A Development Application for a dwelling house will need to comply with legislation and the technical requirements outlined in:
- Port Stephens Local Environmental Plan
- Port Stephens Development Control Plan — Section C4 outlines design, layout, siting and other requirements for dwelling houses.
You will need a BASIX certificate if you are lodging a development application for:
- a new home
- any alteration or addition to an existing home of $50,000 or more.
If you receive approval for your dwelling, you will also need to obtain a Construction Certificate prior to starting building works.
The Port Stephens Local Environmental Plan 2013 defines a home business as:
A business that is carried on in a dwelling, or in a building ancillary to a dwelling, by one or more permanent residents of the dwelling and that does not involve any of the following:
- the employment of more than 2 persons other than those residents
- interference with the amenity of the neighborhood by reason of the emission of noise, vibration, smell, fumes, smoke, vapor, steam, soot, ash, dust, waste water, waste products, grit or oil, traffic generation or otherwise
- the exposure to view, from any adjacent premises or from any public place, of any unsightly matter
- the exhibition of any signage (other than a business identification sign)
- the sale of items (whether goods or materials), or the exposure or offer for sale of items, by retail, except for goods produced at the dwelling or building, but does not include bed and breakfast accommodation, home occupation (sex services) or sex services premises.
If you meet the above definition, the development must also meet clause 5.4 of the Local Environmental Plan, which states:
- If development for the purposes of a home business is permitted under this Plan, the carrying on of the business must not involve the use of more than 50m2 of floor area.
It depends on the type of home business you are planning to operate.
Under the State Policy, a house may be used for home business as exempt development, so long as the use does not involve the manufacture of food products or skin penetration procedures.
Council cannot advise whether your development is classified as exempt.
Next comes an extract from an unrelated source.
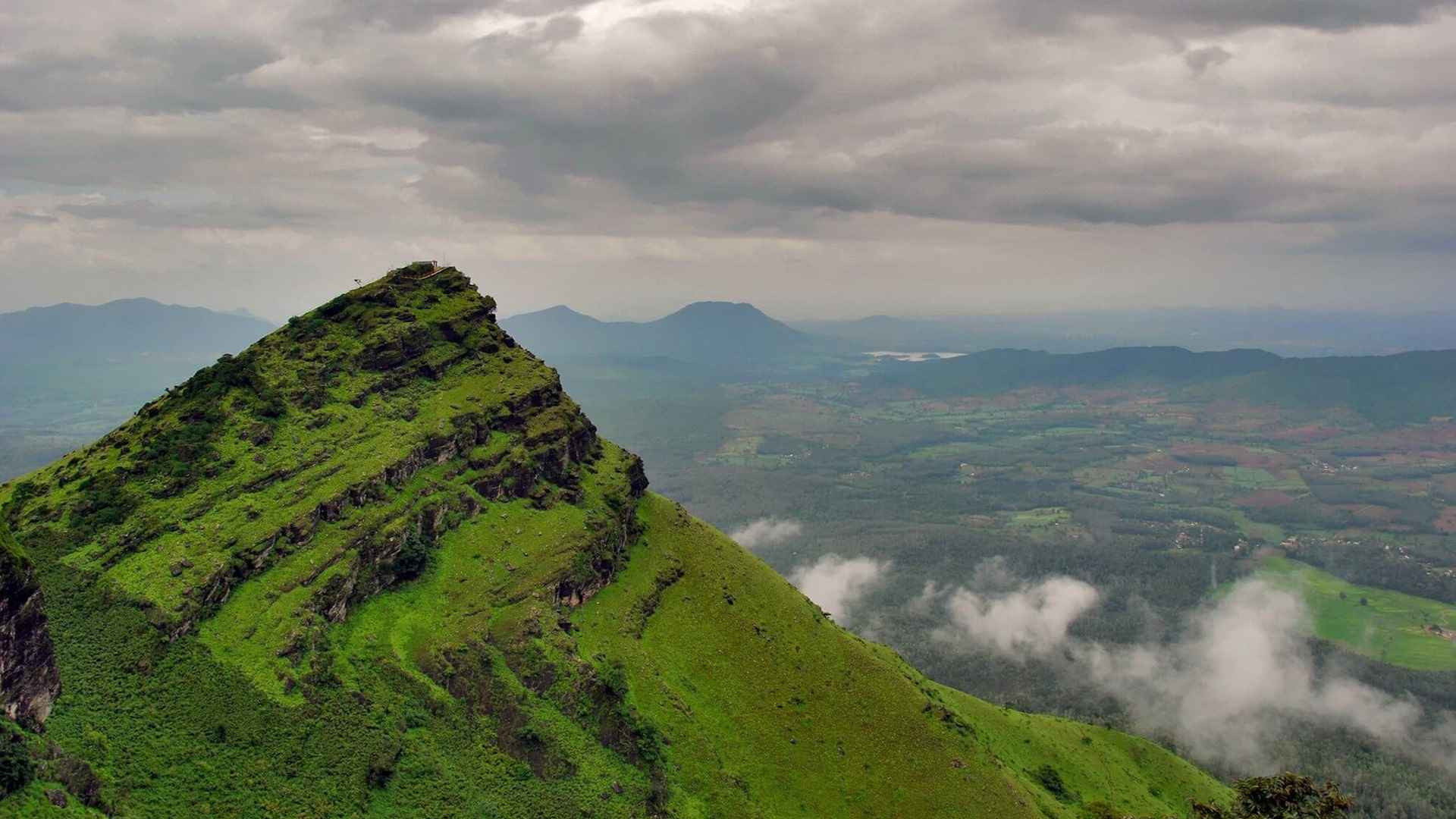 Chikkamagaluru : History, Sightseeing, How To Reach & Best Time To ...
This is something you have to be satisfied with as the property or business owner.
For more information about exempt development, visit the NSW Planning Portal.
These 2 types of home businesses may be carried out as complying development (fast-track approval process):
- bed and breakfast accommodation (refer to these provisions of the State Policy for a full list of development standards)
- home business for the manufacture of food (refer to these provisions of the State Policy for a full list of development standards).
For more information about complying development, visit the NSW Planning Portal.
If your development isn't exempt or complying, generally home business is permitted with consent under most zones in Port Stephens.
The Port Stephens Development Control Plan Chapter C6 (Home Business or Home Industry) sets out the guidelines for this type of development.
The next step is to lodge a Development Application. Council is not required to notify or advertise for home business applications.
Secondary dwelling / Granny flat
A granny flat, or secondary dwelling, is self-contained accommodation within, attached or separate to an individual home.
Granny flats or secondary dwellings require approval before starting construction through complying development or a Development Application.
Council or accredited certifier can certify granny flats as complying development without the need for a development application, so long as they meet standards in the State Policy for affordable rental housing.
Typically, to build a granny flat as complying development it must be:
- established in conjunction with another dwelling (the principal dwelling)
- on the same lot of land as the principal dwelling (and not an individual lot in a strata plan or community title scheme), and
- may be within, attached to, or separate from the principal dwelling.
If the development does not meet complying development standards, you can lodge a development application with Council.
Secondary dwellings are permissible under the Port Stephens Local Environmental Plan 2013 in these zones:
- R1 General Residential
- R2 Low Density Residential
- R3 Medium Density Residential
- R5 Large Lot Residential.
The total floor area (excluding parking) must not exceed whichever of the following is greater:
- 40% of the total floor area of the principle dwelling.
Development contributions apply to secondary dwellings and have a lower development contribution rate to dual occupancy development.
Sheds and carports
Generally, a carport cannot be constructed as exempt development on land:
- in a foreshore area
- on or in a heritage item
- on or in draft heritage item.
- if on bushfire prone land, carports must be constructed of non-combustible materials if within 5 metres of a house.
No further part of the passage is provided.